CUDA error: device-side assert triggered while training Marian MT #14798
Description
Environment info
transformers
version: transformers-4.13.0.dev0- Platform: linux
- Python version: 3.8
- PyTorch version (GPU?): torch==1.11.0a0+b6df043 GPU
- Tensorflow version (GPU?):
- Using GPU in script?:
- Using distributed or parallel set-up in script?: one node multigpu
Who can help
@patrickvonplaten
@sgugger
@LysandreJik
Information
Model I am using (Bert, XLNet ...):
The problem arises when using:
- the official example scripts: (give details below)
- --> NMT/smancha5/transformers/examples/pytorch/translation/run_translation.py
- my own modified scripts: (give details below)

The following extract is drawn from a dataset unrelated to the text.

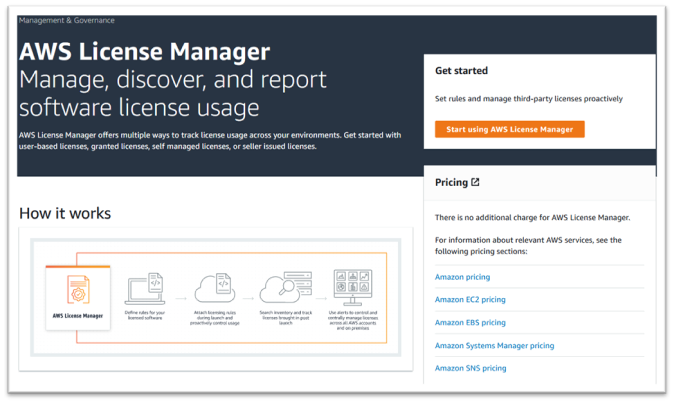 AWS License Manager ホームページ。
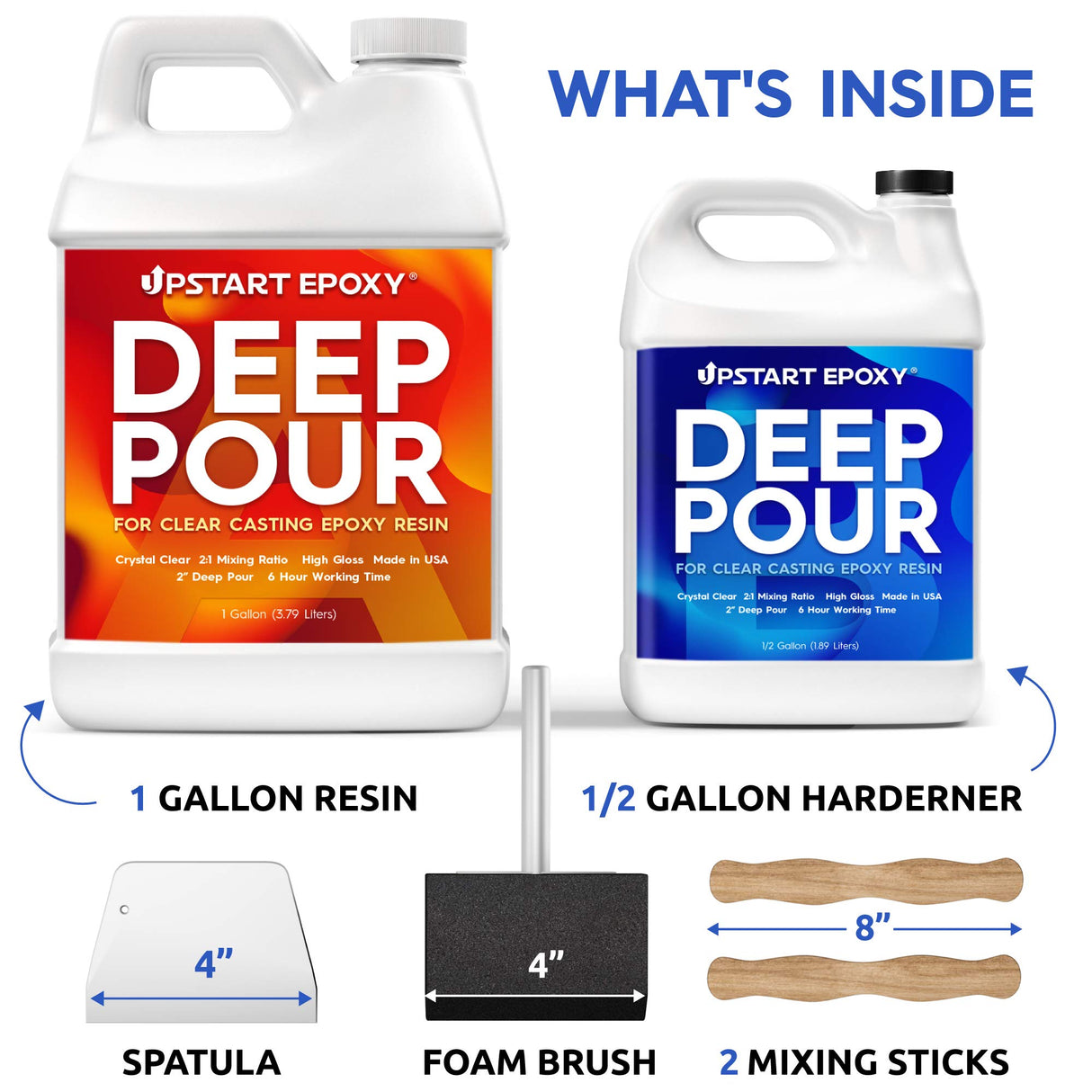 Upstart Epoxy 2" Deep Pour Epoxy Resin Kit DIY - Made in USA - 2 Part Epoxy Resin Formulation - Perfect Casting Resin for River Table, Countertop, Tabletop, Art, Jewelry - 1.5 Gallon Epoxy Resin Kit Upstart Epoxy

The tasks I am working on is:
- an official GLUE/SQUaD task: (give the name)
- my own task or dataset: (give details below)
Training marianMT on EMEA custom dataset
To reproduce
Steps to reproduce the behavior:
- Clone the latest transformer repo
- /opt/conda/bin/python -m torch.distributed.launch --nnodes 1 --nproc_per_node 4 /data/atc_tenant/NMT/smancha5/transformers/examples/pytorch/translation/run_translation.py --train_file /data/atc_tenant/NMT/smancha5/EMEA.en-es.train.json --model_name_or_path Helsinki-NLP/opus-mt-en-es --do_train --source_lang=en --target_lang=es --output_dir=/data/atc_tenant/NMT/model1/ --per_device_train_batch_size=8 --per_device_eval_batch_size=4 --overwrite_output_dir --predict_with_generate --cache_dir=/data/atc_tenant/NMT/cache/
/opt/pytorch/pytorch/aten/src/ATen/native/cuda/Indexing.cu:698: indexSelectLargeIndex: block: [194,0,0], thread: [30,0,0] Assertion srcIndex < srcSelectDimSize
failed.
/opt/pytorch/pytorch/aten/src/ATen/native/cuda/Indexing.cu:698: indexSelectLargeIndex: block: [194,0,0], thread: [31,0,0] Assertion srcIndex < srcSelectDimSize
failed.
Traceback (most recent call last):
File "/data/atc_tenant/NMT/smancha5/transformers/examples/pytorch/translation/run_translation.py", line 621, in
main()
File "/data/atc_tenant/NMT/smancha5/transformers/examples/pytorch/translation/run_translation.py", line 538, in main
train_result = trainer.train(resume_from_checkpoint=checkpoint)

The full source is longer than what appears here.